[[ Excerpted records open ]]

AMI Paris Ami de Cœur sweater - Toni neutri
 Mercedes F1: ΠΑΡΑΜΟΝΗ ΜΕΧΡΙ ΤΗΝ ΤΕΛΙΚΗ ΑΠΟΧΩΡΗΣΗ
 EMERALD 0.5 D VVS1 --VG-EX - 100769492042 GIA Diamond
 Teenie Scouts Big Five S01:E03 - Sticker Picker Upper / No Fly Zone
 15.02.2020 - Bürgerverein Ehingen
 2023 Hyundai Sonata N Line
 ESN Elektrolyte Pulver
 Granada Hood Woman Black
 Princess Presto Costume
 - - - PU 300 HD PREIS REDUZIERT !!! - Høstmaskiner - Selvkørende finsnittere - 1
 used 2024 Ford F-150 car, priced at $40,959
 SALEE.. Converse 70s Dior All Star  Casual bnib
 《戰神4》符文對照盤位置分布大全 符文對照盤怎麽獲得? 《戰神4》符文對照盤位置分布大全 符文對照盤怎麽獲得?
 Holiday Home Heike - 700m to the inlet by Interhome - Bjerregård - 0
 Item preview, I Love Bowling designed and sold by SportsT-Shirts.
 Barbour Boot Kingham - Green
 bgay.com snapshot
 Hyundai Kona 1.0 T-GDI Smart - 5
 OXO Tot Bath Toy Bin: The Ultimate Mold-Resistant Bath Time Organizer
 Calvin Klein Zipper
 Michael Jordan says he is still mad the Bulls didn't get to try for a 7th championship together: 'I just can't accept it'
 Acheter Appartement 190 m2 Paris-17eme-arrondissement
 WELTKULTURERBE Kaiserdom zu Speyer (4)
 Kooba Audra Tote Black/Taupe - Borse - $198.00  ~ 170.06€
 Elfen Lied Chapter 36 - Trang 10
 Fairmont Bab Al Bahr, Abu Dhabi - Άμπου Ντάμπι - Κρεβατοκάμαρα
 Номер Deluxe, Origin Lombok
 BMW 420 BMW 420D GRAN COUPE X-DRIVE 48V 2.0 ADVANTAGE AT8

[[ Excerpted records closed ]]

**Your goal:** Provide a count of the lines in the data above that include the word "Black", stating the number alone.

**Answer section:** 2